Patterns
Parsing Expression Grammars are built out of patterns. These begin with atomic units of recognition, and are combined into complex rules, which can call other rules, recursively, thereby recognizing context free, and some context sensitive, languages. LPeg, JLpeg's inspiration, uses a SNOBOL-style set of operator overloads as the basic tool for building up patterns, a practice we also follow.
Patterns and their combination are the building block of JLpeg recognition engines.

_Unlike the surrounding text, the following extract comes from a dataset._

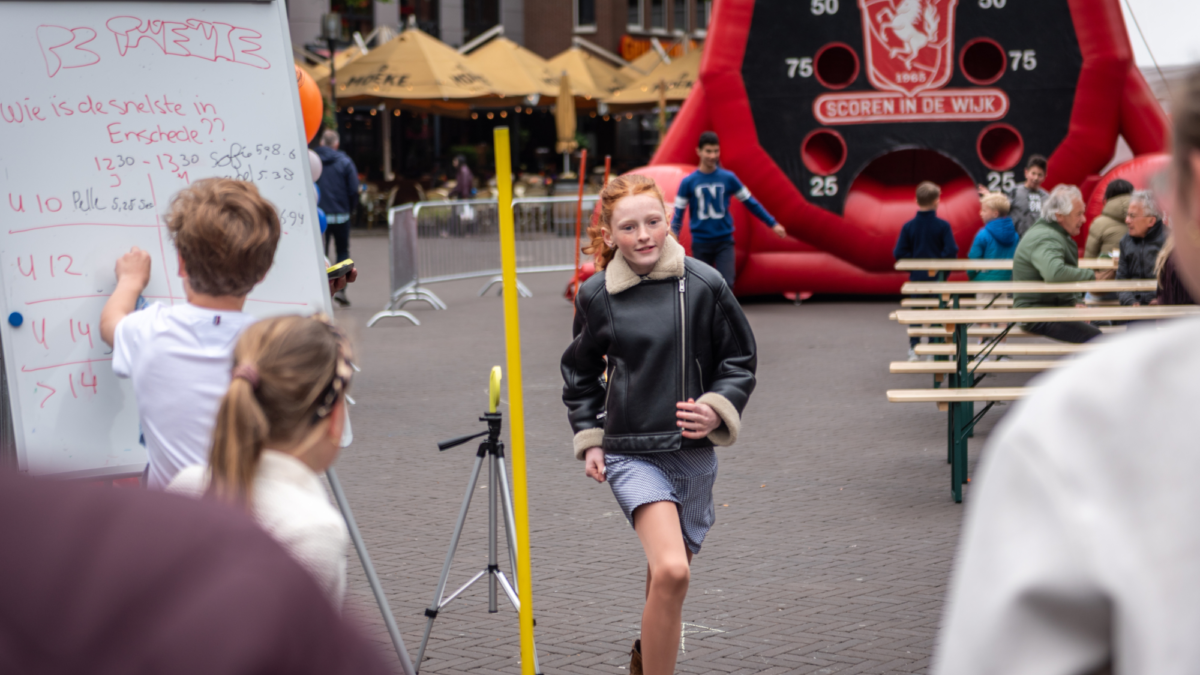 BEVRIJDINGSDAG ENSCHEDE 20260505 5440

They are immutable and may be freely recombined and reused, unlike either regular expressions or the parsers generated by typical compiler-compilers.
The API of JLpeg hews closely to LPeg, with several extensions, refinements, and a more natively Julian character.
Combination
The basic operations are as follows:
Operator | Description |
---|---|
P(string::String) | match a literal String string |
P(n::UInt) | match any n characters |
P(-n) | match if there are at least n characters remaining |
P(sym::Symbol) | match the rule named :sym |
S(s::String) | match the S et of all characters in string |
R("xy") , R('x','y') | matches any character between x and y (R ange) |
B(patt) | match patt behind the cursor, without advancing |
U8(byte::UInt8) | match one byte of the string, invalid UTF-8 or not |
patt^n | match at least n repetitions of patt |
patt^-n | match at most n repetitions of patt |
patt^[n:m] | match between n and m repetitions of patt |
patt^[n] | match exactly n repetitions of patt |
patt1 * patt2 | match the sequence patt1 , patt2 |
patt1 | patt2 | match patt1 or patt2 , in that order |
patt1 - patt2 | match patt1 if patt2 does not match |
!patt , ¬patt | negative lookahead, succeeds if patt fails |
~patt | lookahead, match patt without advancing |
patt1 >> patt2 | match patt1 , then search the string for the next patt2 . |
P(true) , ε | always succeed |
P(false) , ∅ | always fail |
In keeping with the spirit of LPeg, P"string"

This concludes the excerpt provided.